There are a couple of knobs you can turn to improve the trustworthiness of your site:
- Provide contact information and address
- Integrate trusted shop symbols and security seals
- Display reviews (internal and external)
- Show testimonials
- Avoid bad spelling and grammar
- Have your site connecting via HTTPS
- Show your client portfolio
- Display press mentions and awards
- Provide an “about us” page with biography / company history
- Avoid heavily disturbing / interruption ads
If you need inspiration from well-trusted sites, look at top players like Amazon or eBay. The more you optimize your site towards being trustworthy, the higher chance you have for seeing conversions. But don’t get too carried away as you can also optimize too much, which brings us to the last point.
5. Over optimization
Optimizing “too hard” can definitely lead to a penalty. In most cases this is referred to as a “manual spam penalty”, but it can also play into Panda. I have met two main “spam” playgrounds in my career: content and internal linking.
Over optimized text for example can easily be detected by simply reading it. Often you can immediately “feel” the difference between a naturally written text and one written for search engines. Of course you have to include the keyword that you optimize for in the text, but the times of keyword density are long over. Don’t stuff the text with keywords, just make sure it occurs a couple of times (naturally) in the text, headings, title, description and URL. It is much more important to cover semantically relevant topics and be comprehensive.
For internal linking, over optimization would consist of too many internal links and the use of a hard anchor text. As with backlinks, there are thresholds search engines use to determine whether an internal link profile looks natural or optimized. An example of an over optimized internal linking profile would be using the term “buy cheap iPhone 6” on every page to link to your product page. If you don’t go overboard, you should be fine.

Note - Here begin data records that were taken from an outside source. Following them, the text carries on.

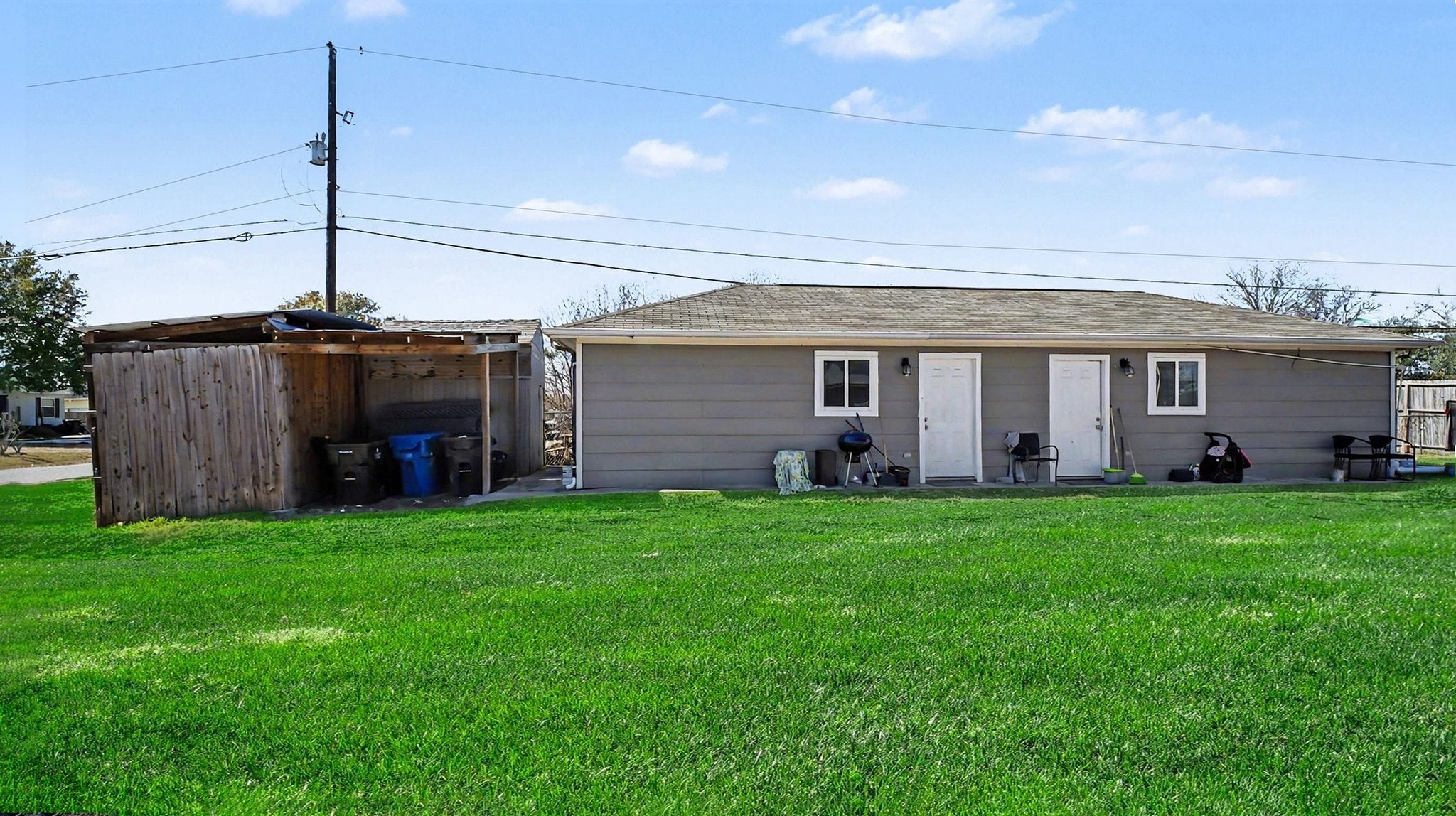 Listing photo 2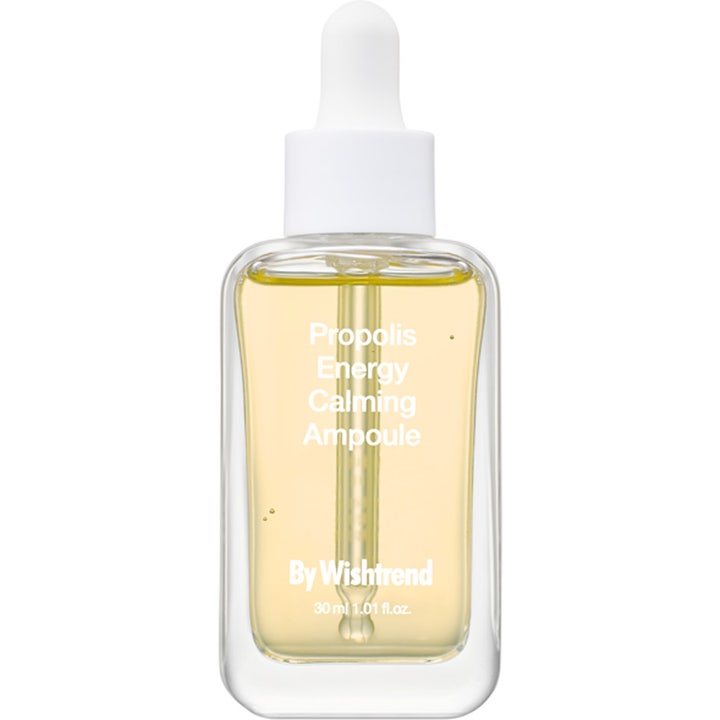 By Wishtrend Propolis Energy Calming Ampoule 30 ml beroligende ampulle i glassflaske med hvit pipette og gyllen væske.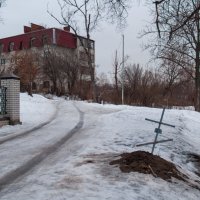 Дорога около кладбища :: Павел Шалаев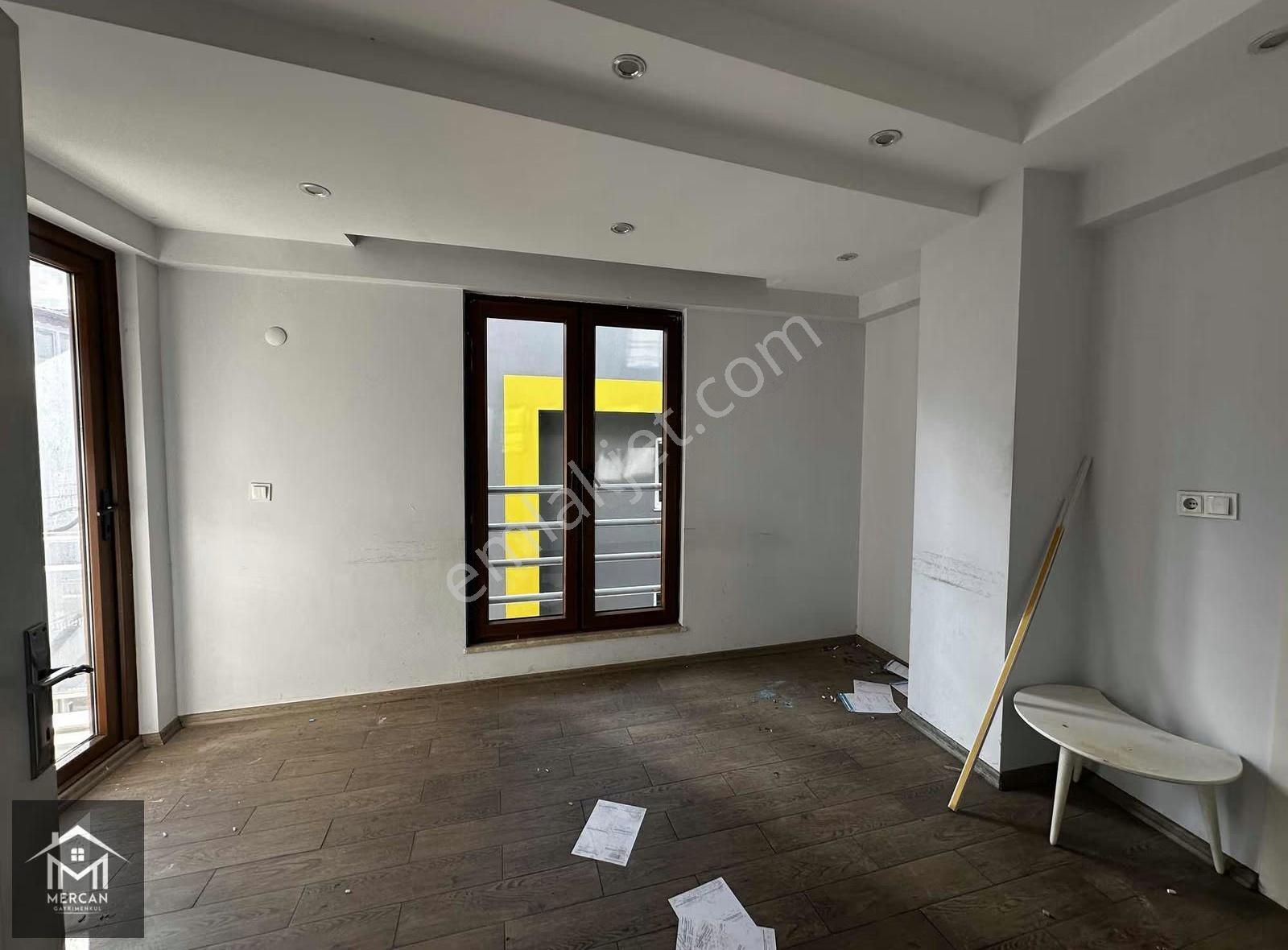 Mercan'dan Forum Avm Mevki,ana Cadde Üzeri Kiralık Ofisler !! - Görsel 18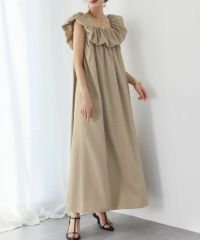 身長：165cm　着用サイズ：FREE　B：77 / W：57 / H：79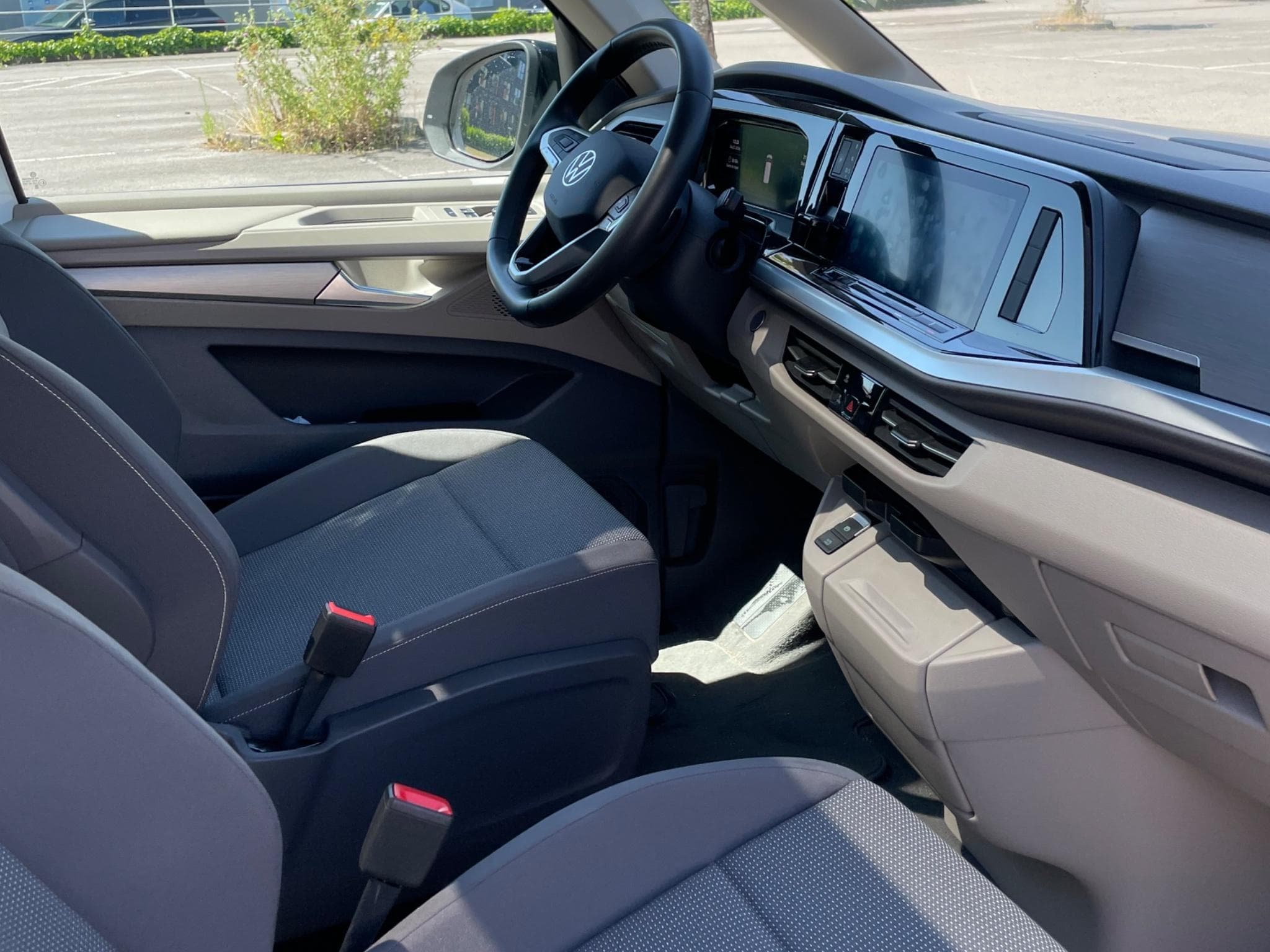 VW Multivan T7 Life Edition (2025) - Photo 6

To wrap it up: If you’d like to experience getting hit by Panda and lose approximately 50% of your traffic and therefore revenue, make sure your site has the five points I mention above. If you’d like to improve your success (and avoid Panda), fulfilling Panda requirements for high-quality sites will actually be a way to achieve sustainable rankings in the long-term. To do this, make sure your site has these five factors in place: quality content, user signals, user experience, trust and optimization.